ORGANIC CIDER – Bright straw-gold with excellent clarity, Samuel Smith’s Organic Cider has a light body with brilliant conditioning, a crisp clean flavor, and a dry finish. The bouquet is fresh apples, with a soft floral note. Certified Organic by the USDA-accredited UK Soil Association. 5% ABV.

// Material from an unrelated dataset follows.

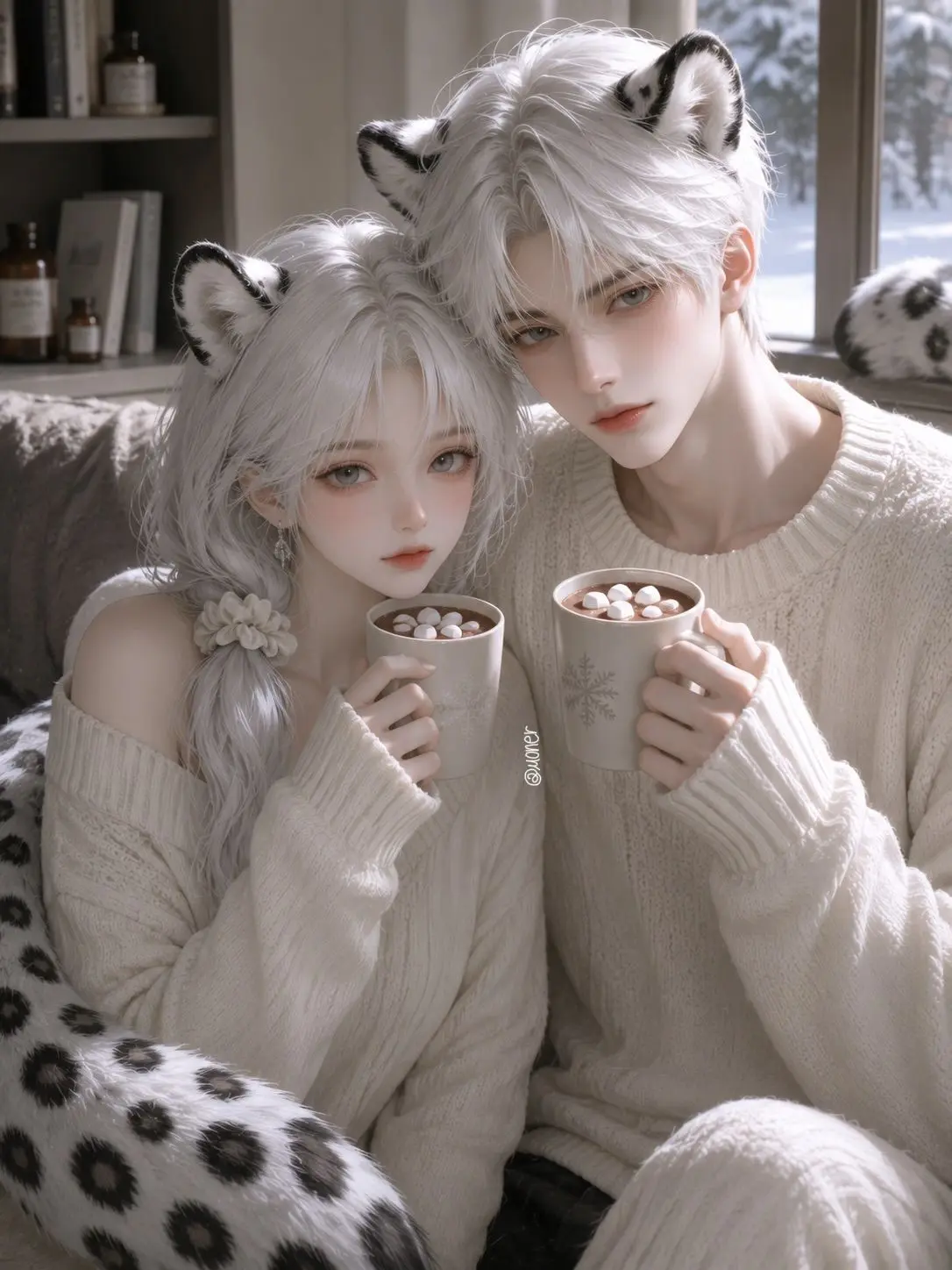 Moner_의 수인 동거 커플 무리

ORGANIC PERRY – Dry, sparkling pear cider with clear pale straw colour, smooth body, crisp but rich flavour of ripe pears, and the appealing aroma of a summer pear orchard. The cold fermentation with a wine yeast allows for the delicate pear aroma to shine, in this refreshing, thirst-quenching pear cider. Samuel Smith’s Organic Perry is naturally gluten-free and USDA Certified Organic. Pear juice used to produce Samuel Smith’s Perry contains a mix of varieties selected to balance fresh pear flavor with tartness, acidity, and sweetness. Samuel Smith’s uses a wine yeast strain to ferment Perry, providing a clean finish and highlighting pure pear flavor and aroma all the way through to the finish. 5% ABV.

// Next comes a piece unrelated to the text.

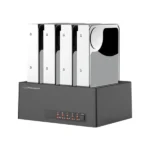 HDD Docking station USB 3.2 4xSSD/HDD  LC-DOCK-U3-4B-V2 Beli - Slika 3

ORGANIC APRICOT ALE – People have enjoyed apricots since prehistoric times – so long, in fact, that the origin of apricot trees, Prunus armeniaca, is uncertain. Although the scientific name suggests an origin in Armenia some scholars think apricots originated in China. They are now grown around the world where the climate allows. Apricots contribute to a stunning fruit beer: the ripe, aromatic bouquet supports a sweet, summery flavor with just a suggestion of stone-fruit tartness. Samuel Smith’s Organic Apricot Ale is rich and full-bodied; the color is a glowing hazy orange. 5.1% ABV, 14 IBUs.

ORGANIC STRAWBERRY ALE – Strawberries offer a soft and subtle flavor, making the character of this fruit beer extremely sophisticated and refined. The smooth malt and aromatic strawberry flavors merge together in an elegant fashion, with fresh, ripe strawberries shining through. 5.1% ABV, 14 IBUs.

TADDY PORTER – Porter was the first commercially brewed beer. It was named for the train porters who were its original servers and consumers, and became hugely popular in 18th & 19th century Britain. Popularity declined in the 20th century, but Samuel Smith’s Old Brewery, Yorkshire’s oldest, reintroduced authentic porter to the British beer scene in 1979. Since then, Taddy Porter has helped inspire the rebirth of the porter style. Very dark, fairly full in body and packed with flavor. Intense, dry tangy character of roasted barley. 5% ABV, 32 IBUs.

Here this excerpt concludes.